/hyperbolic_canvas

A lua/love visualization of a tiled hyperbolic plane that you can move around in

Primary LanguageLua

hyperbolic_canvas

A lua/love visualization of a tiled hyperbolic plane. You can move around on it and change the color of the tile you're on.

The tiling is infinite, but whenever you change the color of your tile, you also change the color of some "random" tiles far, far away.

For a demo see this and this demo of the langtons-ant branch.

How to use it

  1. Install love
  2. Open love with this directory
  3. Pray that the shader code works on your device
  4. Use arrow keys to move around, press space to change the color, left click to change the pattern, press 1/2/3 to rotate, press 4 to change the tiling parameters.
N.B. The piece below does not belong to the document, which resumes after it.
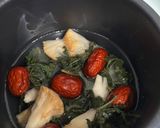 Hình bước làm 3 của món Canh Ngải Cứu Tiềm Nấm Hầu Thủ Chay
Alternatively, you can watch a stripped-down version of this project on Shadertoy

How it works

This displays the Poincaré disk model of the hyperbolic plane. There, translations and rotations are Möbius transformations, which can be represented as matrices of complex numbers.

The visualization uses the GPU to compute, for each pixel, the tile that pixes is in, as follows: It starts with the position of the pixel, represented as a complex number. First, it applies a given transformation (that is supposed to represent the position of the viewer) to that position. Then, it repeatedly tries to shift the position by some constant l in various directions (the four cardinal directions for a square tiling, six directions for a hexagonal tiling, and so on). Here, l represents the "distance" from one tile to the next. If the new position is closer to the origin than the old one, the shift succeeds, otherwise we undo it. Eventually, no shifts will succeed, as the position has been shifted into the center tile.

Depending on if the number of shifts that succeeds is even or odd, we can obtain a simple black-and-white coloring. But to use the plane as a canvas, we need to go further: I assign a pseudorandom "tile ID" to each tile.

To compute that "tile ID", we mirror each shift we perform (viewed as a Mobius transformation matrix) by a corresponding matrix in a finite field. We then multiply all the finite field matrices together with a matrix representing the tile that the viewer is on; the result (or at least a hash of its top row) will be the tile ID.

The finite field stuff is tricky since we only have 16 bit integers. We choose some prime p and then do all computations in GF(p^2) (with a modulus polynomial x^2 + 1 to make everything look as much like the complex numbers as possible). We calculate the "finite field version" of the constant l by solving some weird equation using python/sage.

Issues

When writing this, I adapted to all the quirks of the love version of GLSL, as well as to all the quirks of my machine. The result seems to be not particularly portable.

If you know how to write portable GLSL code (or just how to do integer modulo quickly and portably), or you know a framework that is as easy to use as love while resulting in more portable shader code, any hints would be greatly appreciated!